これは、心に沁みましたねぇ。12年の長きにわたって登場人物にカメラを当て続けた結果が生んだ、まごうことなきリアリティ。毎年顔を合わせて擬似家族を演じているうちに、パトリシアもE・ホークもそして子役2人も、いつの間にかもう一つの人生を確かに生きたのではなかろうか。 ありがちな、一家庭の浮いたり沈んだり。他愛の無い友人たちとのひとこま。ああまた相手を間違えたお母さん。一つ一つのエピソードの、手触りが本物だ。育ってゆく子らが、まさに“その子本人”なので近所の子の成長を見ているよう。 メイソン役のエラー・コルトレーンが、脚本どおりの内省的な風貌に育ったのも作品にとっては僥倖でしたね。不思議なものです。 おそらく、若い独り身のうちに観てもピンとこないと思うんだ。なんかつまんねえ、と思った方、この先の人生で人の親となったら、ぜひまたこの映画を観てほしい。そしてその子が巣立つ時、ラストのパトリシアの台詞で一緒に泣きましょう。
[DVD(字幕)] 10点(2015-09-22 00:26:13)
17.  七人の侍
これは凄い。興奮必至、問答無用の面白さ。日本人の顔がこんなに濃いとは驚きだ。スクリーンから馬が泥を跳ね飛ばしてきそうなすんごいカメラアングル。3Dが小細工に感じるね。長いので、中休みをはさんで上映されました。誰も席を立たなかったと記憶してます。
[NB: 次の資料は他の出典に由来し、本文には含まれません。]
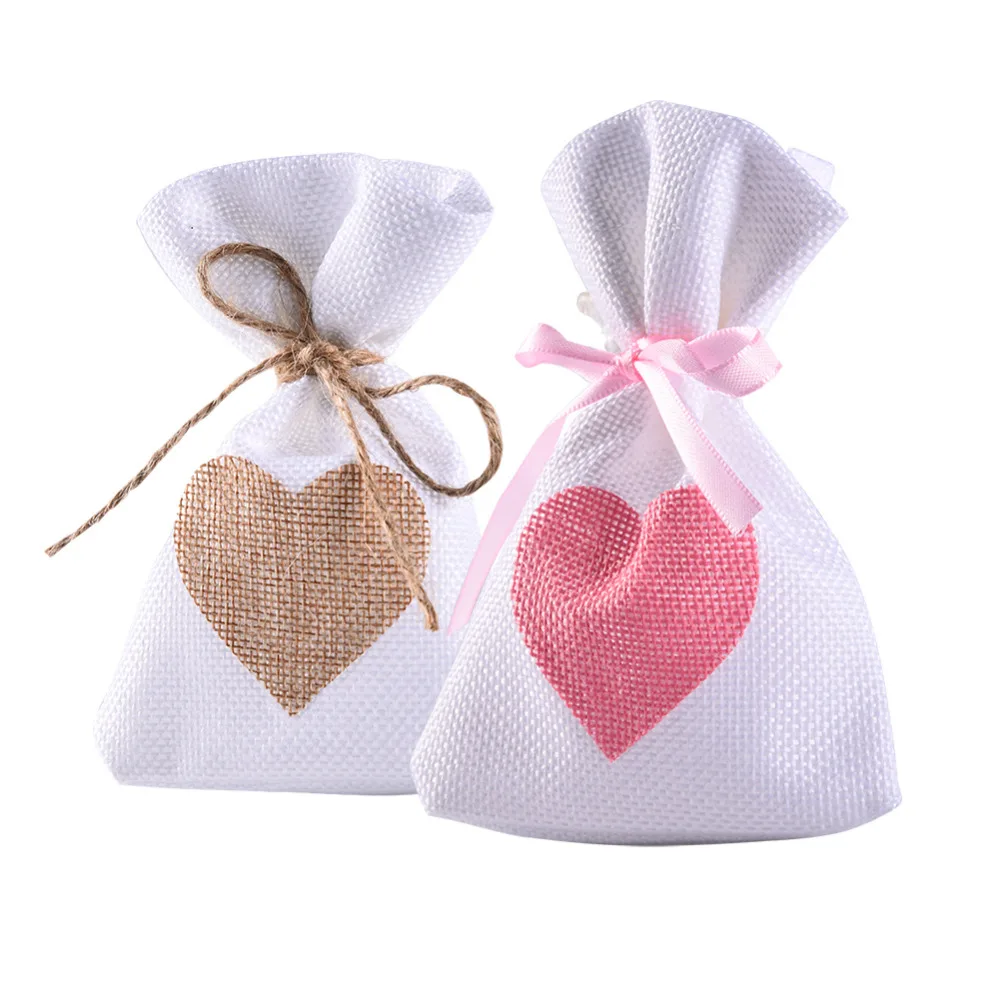 

12Pcs/Set Fashion White Linen Drawstring Wedding Favor Bags Pouch Pink Heart Shape Wedding Gift Bags Jewelry Bag 9.5*14.5cm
[映画館(邦画)] 10点(2011-09-21 18:35:44)(良:1票)
18.  トイ・ストーリー3 《ネタバレ》 
愛しいオモチャたちがストレートにメッセージを伝えてくる、カラフルでPOP,ハートウォーミングなワンダフルワールド!何言ってんだ。乏しい語彙を振り絞って絶賛したくなる、素晴らしき世界。オモチャを必要とする心へバトンタッチされたラスト、決断したのがウッディ自身だというのが泣かせる。ロッツォ、あいつもまたちょっと荒っぽいけど必要としてくれる持ち主のもとで新しい世界が広がるだろう。ワタクシ今まさにアンディのママと同じ立場にいて、子供らのオモチャをなんとか片付けようとしていた矢先に観てしまったこの映画。もう処分できないではないかウチのこの大量のぬいぐるみたち。頭をよぎる焼却炉の場面、ああ無理無理無理。
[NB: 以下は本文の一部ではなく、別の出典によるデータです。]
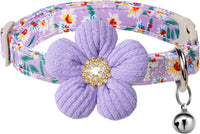Medium Dog Collar with Flower - Purple / L : for Large Dogs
[DVD(字幕)] 10点(2012-07-14 17:08:13)(笑:1票) (良:3票)
19.  ひまわり(1970) 《ネタバレ》 
何度も観ているけど、分かっちゃいるけど、また号泣。オープニングの、マンシーニの音楽と地平線まで埋めつくす金色のひまわり、ここでいきなり涙腺にくるけど、堪える。ロシアの大地が広くて美しいなあ。無数の十字架と黄金色の畑、反則なまでに甘美な音楽。きりっと男らしいソフィア・ローレンと子犬のような瞳のマストロヤンニ。ロシアで探し当てたマストロヤンニと言葉も交わさず列車に飛び乗るソフィア、ついに涙腺決壊だ。後戻りできない現状を、苦さを噛みしめて受け入れる二人。二度と会うことはないだろうと悟った二人の、別れの駅。未練を残すマストロヤンニの瞳と、ぽろりと涙をこぼすソフィア。ここに至っては私は嗚咽状態である。泣く行為は心をすっきりさせる効果があるというけれど、この映画は泣いても泣いてもつらい。切ないよ。まぶたが腫れ上がってしまうので、観賞時は選ぶべし、と学んだ映画でもあります。
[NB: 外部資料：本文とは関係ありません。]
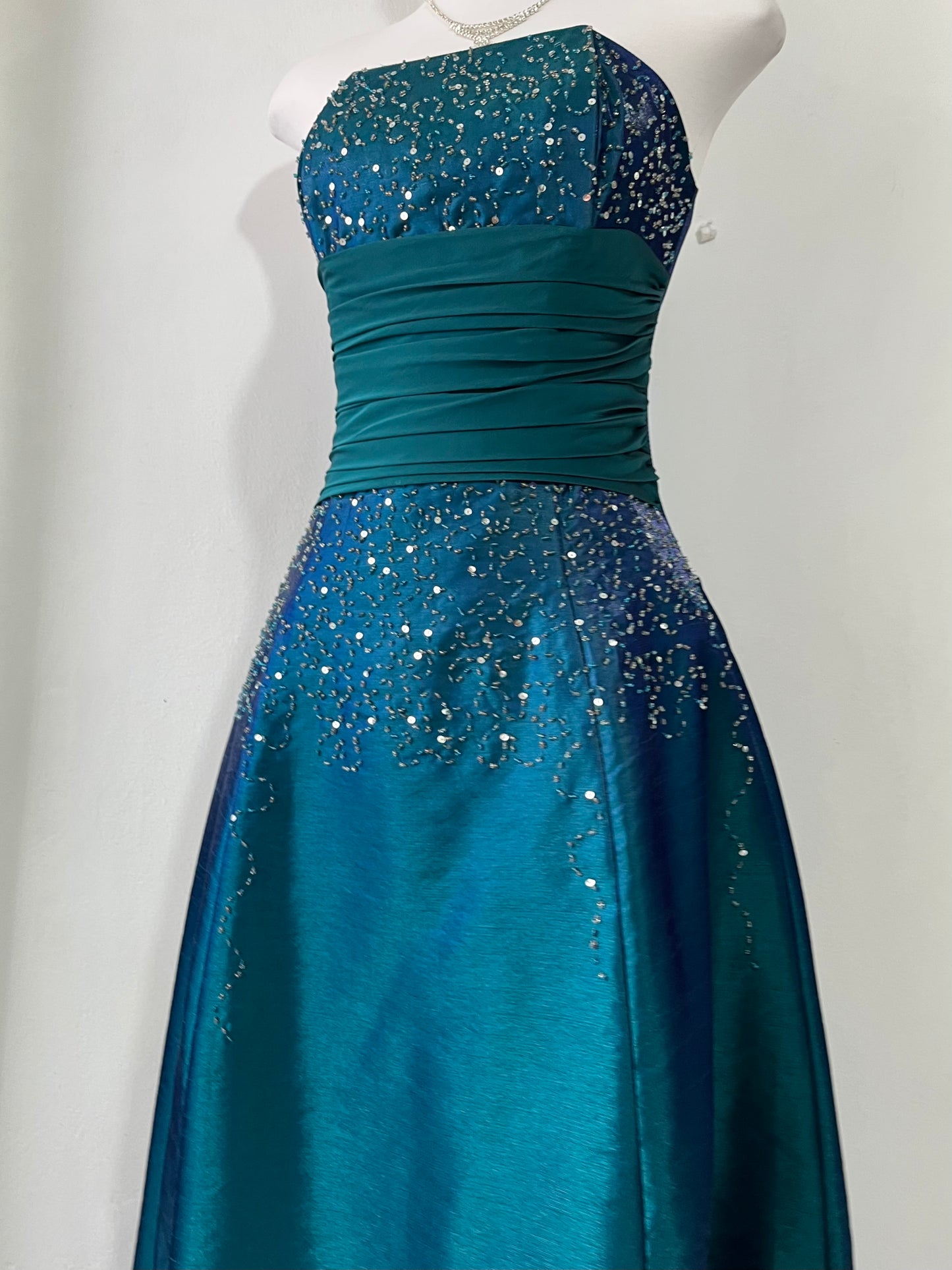 Iridescent teal corset dress with exquisite embellishments and hand-embroidered beads+ matching shawl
[地上波(字幕)] 10点(2013-04-11 00:55:19)
20.  羅生門(1950) 《ネタバレ》 
ん?と思ったのち ぞくぞくして、戦慄して、凄い!と唸った映画。役者と台詞だけでこんなに切り口が変わるんだ。圧巻なのは湿度の高いべったりした雨と黒々した不吉な門。志村喬の朴訥さにはほっとした。 2014/1 原作読了。わあ、この脚本凄いんだなあ。人間が嘘をつく行為はすなわち何を大事にしているかがつぶさに分かって面白さが倍増。多襄丸はその“悪名高き大悪党”のカッコ良いイメージを落としたくない。まさかあの多襄丸が女にどやされて、へっぴり腰でどたばた乱闘劇をやらかしただなんて絶対知られたくなかったのね。プライド高い侍の男は妻に裏切られ、自害をとげた悲劇の主人公像に死んでもこだわり、女は哀れな純被害者を言い通してか弱き高潔さを世間に示したい。いやはや。三者の言い分をすべてひっくり返す樵の目撃談を考えつくって、いや天才か、と驚いた次第であります。当時の時代考証の精密さといい、山中の木々の濃い影や土の匂い、玉の汗に見る蒸し暑さ。女どもの妖しさ。いろんな要素が心に刻み込まれるこの堂々たる日本映画、やっぱり10点にしますね。